Now I just need to figure out how to embed youtube videos so I can get videos back on our site.


----------



## HannahBearsMom (Jul 31, 2011)

They are adorable! Is Nike really that brown, or is it just the photo? I thought I remembered her being more silver.


----------



## Tom King (Aug 2, 2006)

She's more silver, but it's just in the process of changing to more and more silver. I think it's the incandescent lights in there, and maybe the way I have the camera set.
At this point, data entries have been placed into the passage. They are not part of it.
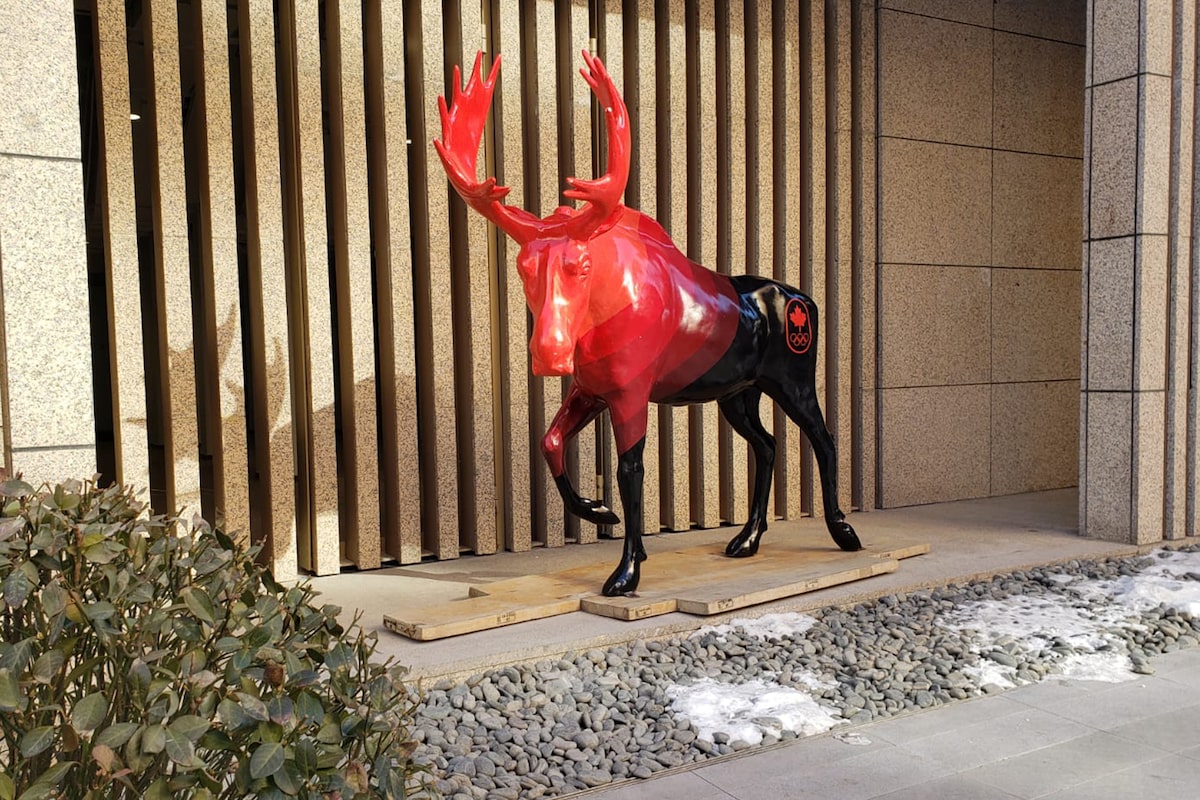500 Point Moose Canada’s lucky charm at Beijing Olympics is a 500-pound moose that ...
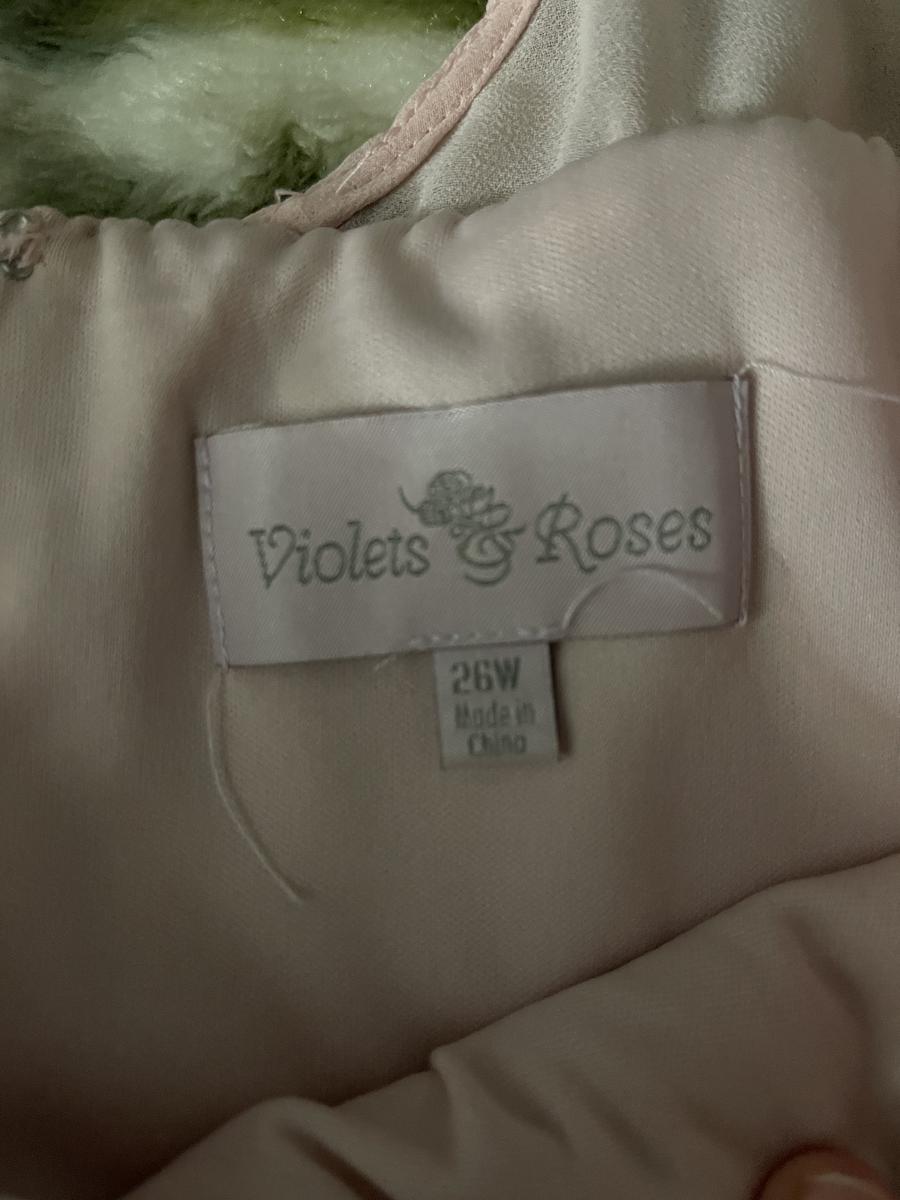 Violets and roses Plus Size 26 Pink A-line Dress on Queenly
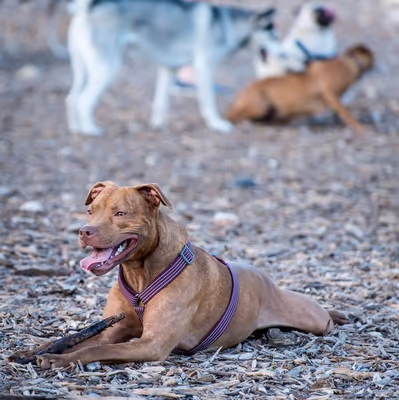 Dog Park at Panther Springs Park photo 1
I just figured out how to embed videos with the new software, so I can fix our website now, when I get the chance. I keep getting a "recovered from serious error" anytime I change anything. Once I get past that, it shouldn't take too long to get new stuff up.


----------



## sandypaws (Aug 8, 2012)

They are all adorable and so glad that the videos will be returning. Thanks, Tom.


----------



## andra (Aug 23, 2010)

In addition to the adorable puppies, the momma dog is absolutely beautiful


----------



## gelbergirl (Jun 9, 2007)

Darling little babies. Beautiful Mama.


----------



## Tom King (Aug 2, 2006)

I think the brown color must be another problem with the website. Nike's color doesn't look anything like that in the pictures on our computer. I guess you would call the stage she's in now "blue" with silver streaks. The silver coming in down at the roots is a lot lighter.


----------



## RitaandRiley (Feb 27, 2012)

Beautiful Tom. Thank you!


----------



## Missy (Nov 6, 2006)

They are such black beauties! So shiny!


----------



## misstray (Feb 6, 2011)

Missy said:


> They are such black beauties! So shiny!


That's what I noticed too...the shininess!

Totally adorable.


----------



## NvonS (Jul 8, 2010)

Beautiful! It will be fun to watch them grow.


----------



## RickR (Feb 15, 2007)

They all so cute. Do they have names yet?


----------



## Nancy Collins (Mar 20, 2013)

*can't see pics*

When I click on the link, I only see the pics of Razzle and Frolic's last litters.


----------



## Tom King (Aug 2, 2006)

Nancy, Your browser is using an old version of the page that it saved from the last time you were there. Hit the refresh button-the little circle with the arrow pointing clockwise if you are using Windows 7.


----------



## morriscsps (Aug 17, 2010)

Awwww! pure puppy goodness.  I needed that this morning.


----------



## Suzi (Oct 27, 2010)

I would have a hard time telling some of them apart. Its like triplets and twins! Mom looks beautiful.


----------



## trueblue (Jan 22, 2008)

They are all just adorable, but I love the one with the most white on the chin and white feet...those sweet baby eyes


----------



## Nancy Collins (Mar 20, 2013)

Thanks Tom! I see them now.  So precious! Sonic (Beetle) turns two tomorrow...I can't believe he is already 2! He will always be my baby! I will try to post pics tomorrow of his birthday. ;-)


----------



## Nancy Collins (Mar 20, 2013)

oops...his birthday is actually the 18th!


----------



## clare (Feb 6, 2010)

Time flies when you are puppy watching!


----------



## Lola :) (Nov 20, 2012)

So precious and sweet. I was also thinking how gorgeous Mama is! What a beautiful litter.


----------



## Charleysmom (Dec 6, 2011)

Beautiful puppies. Looking forward to seeing more pictures.


----------